Case Report – Warrantless search for internet subscriber’s data okayed by BCSC

On November 1st, the British Columbia Supreme Court dismissed a Charter application that challenged a letter request made by the police to an internet service provider for the name and address of an account holder associated with a specific IP address at a specific point in time.

There have been a number of recent Canadian cases about whether the police can investigate internet crime by asking an ISP to reveal the identity of the individual linked to an IP address that is associated with unlawful and anonymous activity. The cases turn on whether this investigatory tactic violates a reasonable expectation of privacy. Two factors have featured strongly in the analysis (1) the nature of the information obtained by the police and (2) the contractual terms between the individual and ISP.
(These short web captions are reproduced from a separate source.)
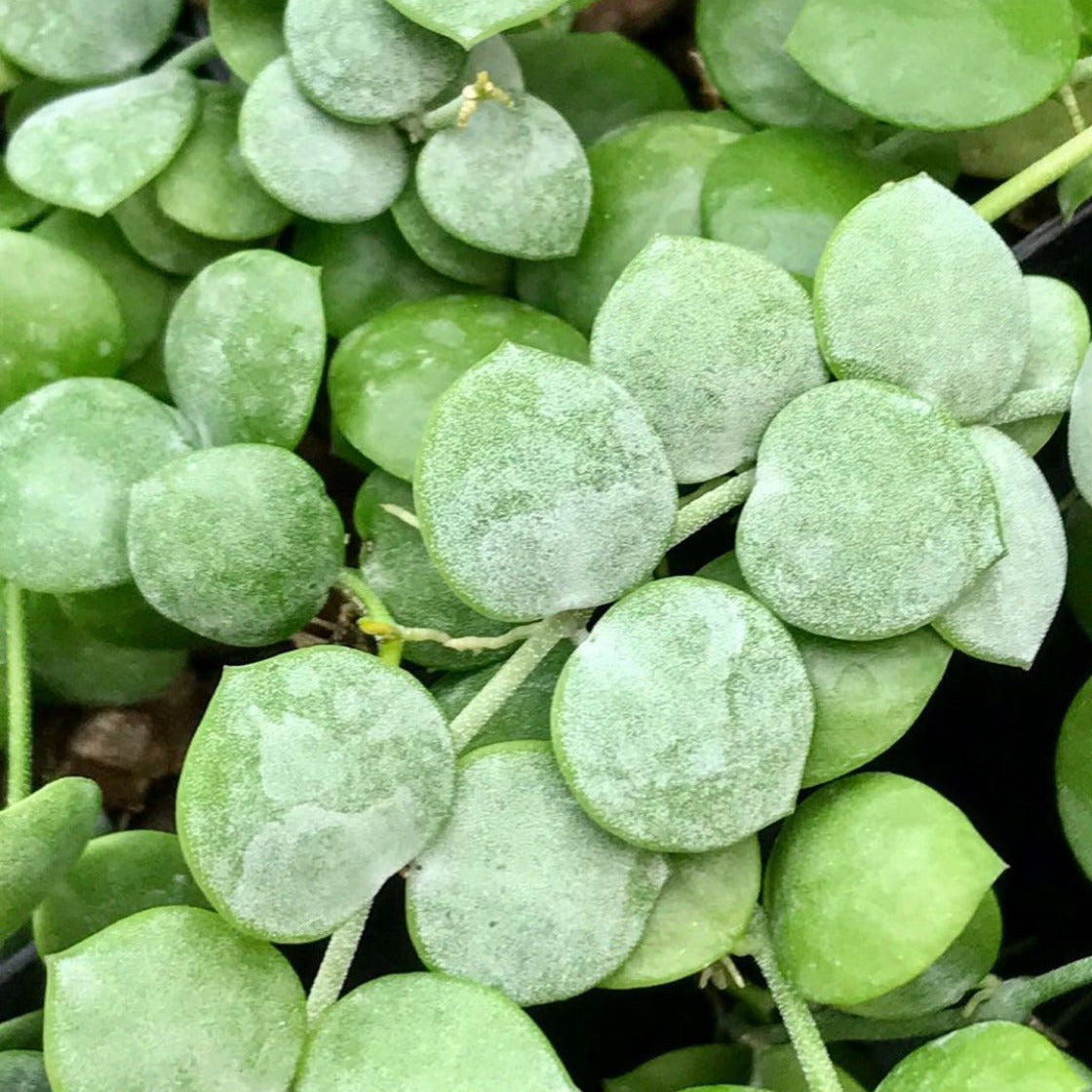 Dischidia nummularia - thin leaf D19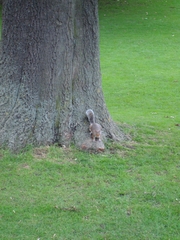 Sciurus carolinensis
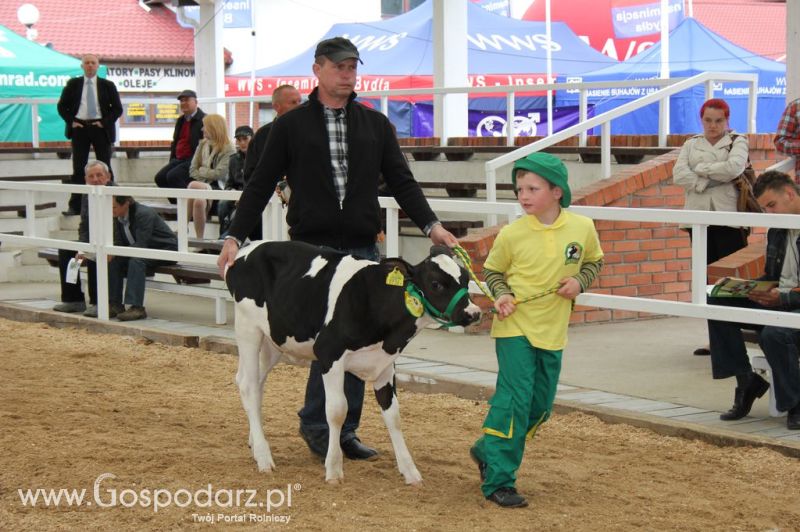 Mali Hodowcy VII Ogólnopolska Wystawa Bydła Hodowlanego w Sielinku 2012
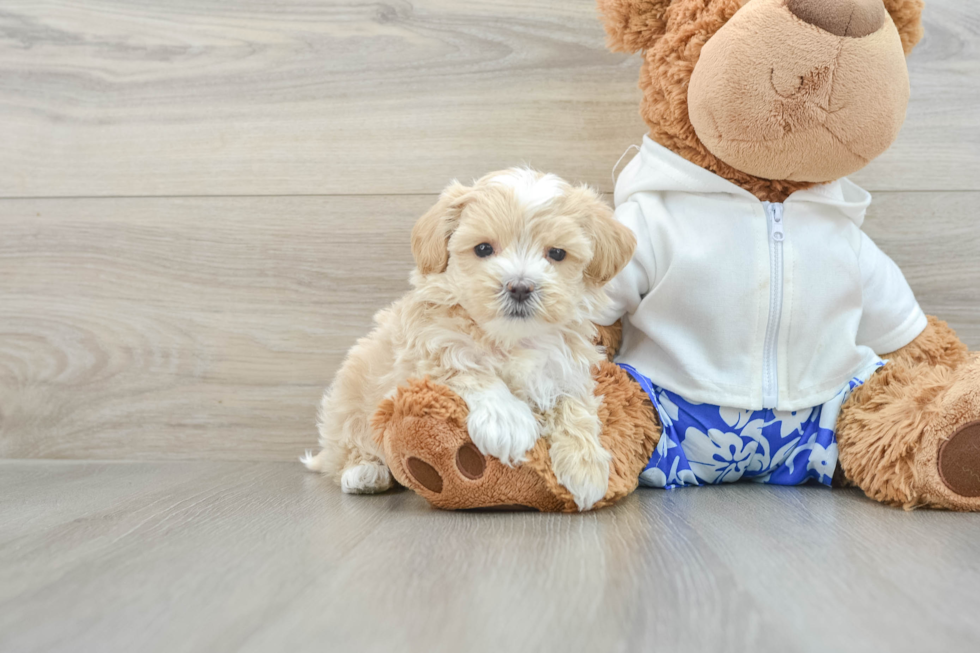 Popular Maltipoo Poodle Mix Pup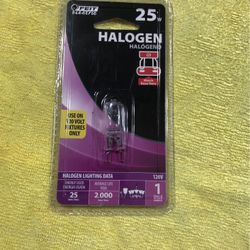 Halogen 25 Watt Light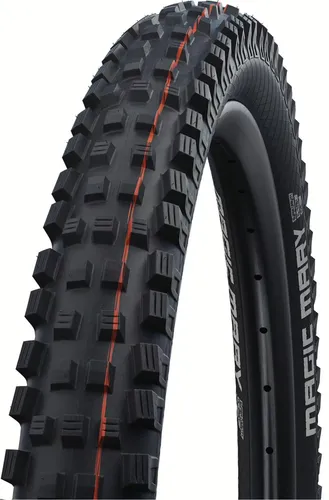 Schwalbe Magic Mary 29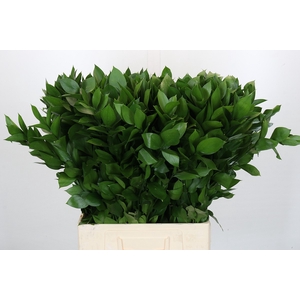 Ruscus Israel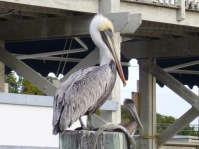 Pelican Pelican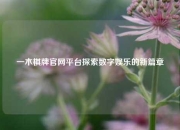 一木棋牌官网平台探索数字娱乐的新篇章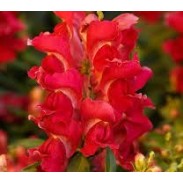 Seminte ANTIRRHINUM majus SNAPPY F1 Cherry 1000s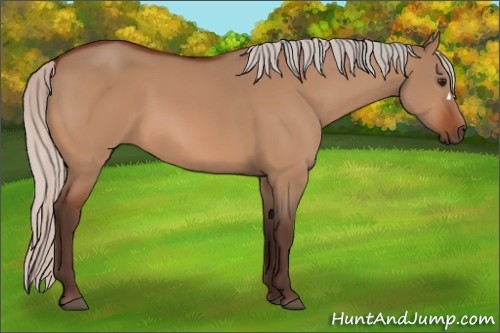 Horse Color:Silver Bay Dun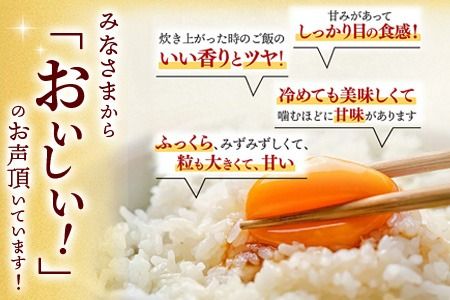 【令和7年産 新米】さがびより 精米 10kg【特A受賞米 米 5kg×2袋 お米 コメ こめ 国産 美味しい ブランド米 人気 ランキング 増田米穀】(H015198)
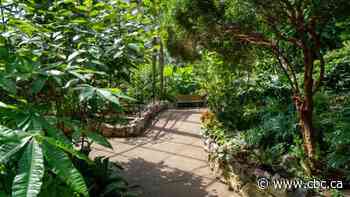 City set to award tender for phase two of Thunder Bay's botanical conservatory renewal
In this case, Justice Meiklem of the BCSC endorsed the approach taken by the Ontario Superior Court of Justice in R. v. Wilson. He held that so-called “subscriber information” was not part of the applicant’s biographical core of personal information and held that the terms of service of his internet service plan weighed against a reasonable expectation of privacy. His Honour also commented, “It seems clear to me that, absent a finding of state agency, s. 487.014(1) [of the Criminal Code] provides the police with lawful authority to make a PIPEDA request for subscriber information, which an ISP is not prohibited by law from disclosing if it falls within the provisions of s. 7(3)(c. 1)(ii) of PIPEDA…”

R. v. McNeice, [2010] B.C.J. NO. 2131 (S.C.) (QL).